Composers of the Classical Era based their music on what they knew: the common ideals found in many of the disciplines. In reality, they created a new kind of music, based primarily on a clear homophonic texture that stressed emotional restraint, perfection of form, and balance of quick-changing dynamics. The sound of Classical music can be described as having relatively uncomplicated, clear, singable melodies that are supported by chords. The orchestral sound is much heavier than the small Baroque orchestra, but the homophonic texture of Classical music is much “lighter” in feeling than the weighty polyphonic sounds of the Baroque. Classical composers strove to create a balance between emotion and intellect. Baroque music is much more intellectual than emotional and much more complicated than the Classical sound.

Listeners to Classical symphonies, concerti, and string quartets should remember that these works were composed for the purpose of entertainment of royal patrons and their courtiers. Classical composers were musicians who generally got paid for what they did. This was the popular and contemporary music of the time. And like musicians today, composers in past eras often wrote for the markets available, albeit for monarchy, the church, etc. To the ears of an Eighteenth Century listener, this music sounded new and emotionally liberated from the older Baroque style. It had an enlightened expression, clearly a medium for the thoughts of a new era. The piano gradually replaced the older harpsichord as the most widely used and important keyboard instrument of the time, and all noteworthy Classical composers produced Piano Sonatas as a major portion of their creative output along with much other chamber music. The piano’s mechanism, which permitted a flexible dynamic range, had been perfected at the end of the Baroque era. While the organ was still in use, the church became a less powerful entity in the lives of musicians, and the composition of new organ music dropped off considerably.
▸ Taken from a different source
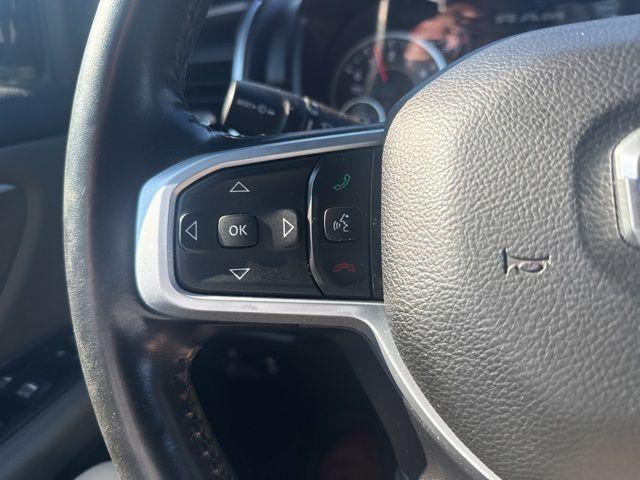 2021 Ram 1500 Big Horn Quad Cab 4x4 6'4" Box
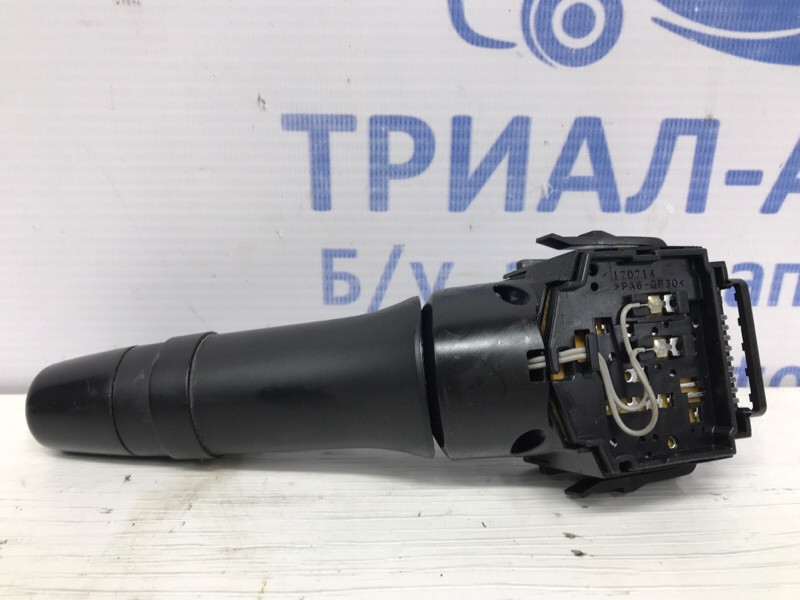 Переключатель подрулевой правый(дворники) Mitsubishi L200 KB 2.5 ДИЗЕЛЬ 4D56U 2006 (б/у) Киев - изображение 3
Opera continued to grow in the Classical Era, remaining a popular form of entertainment. Gluck, Haydn, and Beethoven all composed operas that were highly regarded, but it was primarily Mozart and Rossini who composed the most beloved operas of the time. Both were experts at the form of opera buffa (comic opera) and elevated the status of it from low-class entertainment to a very respected art form. One of Mozart’s last operas, “The Magic Flute” helped to start an important line of German opera, later culminating in the gigantic works of Wagner. Undoubtedly, the most important musical invention of the Classical Era was “Sonata Allegro Form.” It was used as the basis for the Symphony, the Concerto, the String Quartet, and the solo Sonata. In Church Music, the Mass and Oratorio continued to be important forms, but vocal music was slightly secondary to instrumental genres in the productive output of most major composers of this era.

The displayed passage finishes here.